The peroqua rapidly approached, and was soon close to the beach; the sail was lowered, and she was backed in through the surf.

“Resistance is useless should they prove enemies,” observed Philip. “We shall soon know our fate.”

The people in the peroqua took no notice of them until the craft had been hauled up and secured; three of them then advanced towards Philip and Krantz, with spears in their hands, but evidently with no hostile intentions. One addressed them in Portuguese asking them who they were.

“We are Hollanders,” replied Philip.

“A part of the crew of the vessel which was wrecked?” inquired he.


“You have nothing to fear—you are enemies to the Portuguese, and so are we. We belong to the island of Ternate—our king is at war with the Portuguese, who are villains. Where are your companions? on which island?”

“They are all dead,” replied Philip. “May I ask you whether you have fallen in with a woman, who was adrift on a part of the raft by herself: or have you heard of her?”

“We have heard that a woman was picked up on the beach to the southward, and carried away by the Tidore people to the Portuguese settlement, on the supposition that she was a Portuguese.”

“Then God be thanked, she is saved,” cried Philip. “Merciful Heaven! accept my thanks.—To Tidore you said?”

“Yes; we are at war with the Portuguese, we cannot take you there.”

“No! but we shall meet again.”

The person who accosted them was evidently of consequence. His dress was to a certain degree Mahometan, but mixed up with Malay; he carried arms in his girdle and a spear in his hand; his turban was of printed chintz; and his deportment like most persons of rank in that country, was courteous and dignified.

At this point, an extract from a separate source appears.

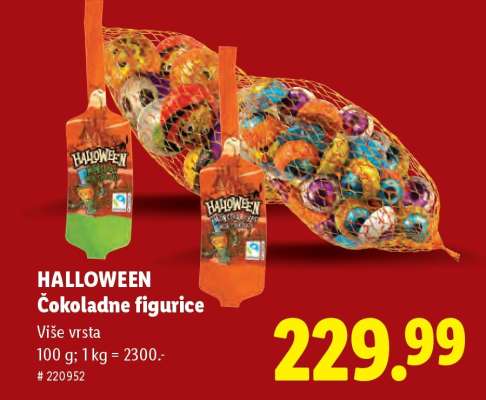 Halloween Čokoladne figurice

“We are now returning to Ternate, and will take you with us. Our king will be pleased to receive any Hollanders, especially as you are enemies to the Portuguese dogs. I forgot to tell you that we have one of your companions with us in the boat; we picked him up at sea much exhausted, but he is now doing well.”

“Who can it be?” observed Krantz; “it must be some one belonging to some other vessel.”

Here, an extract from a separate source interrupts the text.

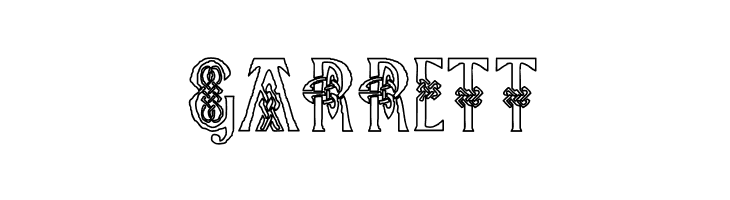 Pee's Celtic outline  Free Fonts Download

“No,” replied Philip, shuddering, “it must be Schriften.”

“Then my eyes must behold him before I believe it,” replied Krantz.

“Then believe your eyes,” replied Philip, pointing to the form of Schriften, who was now walking towards them.

“Mynheer Vanderdecken, glad to see you. Mynheer Krantz, I hope you are well. How lucky that we should all be saved. He! he!”

“The ocean has then, indeed, given up its dead, as I requested,” thought Philip.

In the mean time, Schriften, without making any reference to the way in which they had so unceremoniously parted company, addressed Krantz with apparent good-humour, and some slight tinge of sarcasm. It was some time before Krantz could rid himself of him.

“What think you of him, Krantz?”

“That he is a part of the whole, and has his destiny to fulfil as well as you. He has his part to play in this wondrous mystery, and will remain until it is finished. Think not of him. Recollect, your Amine is safe.”

“True,” replied Philip, “the wretch is not worth a thought; we have now nothing to do but to embark with these people; hereafter we may rid ourselves of him, and strive then to rejoin my dearest Amine.”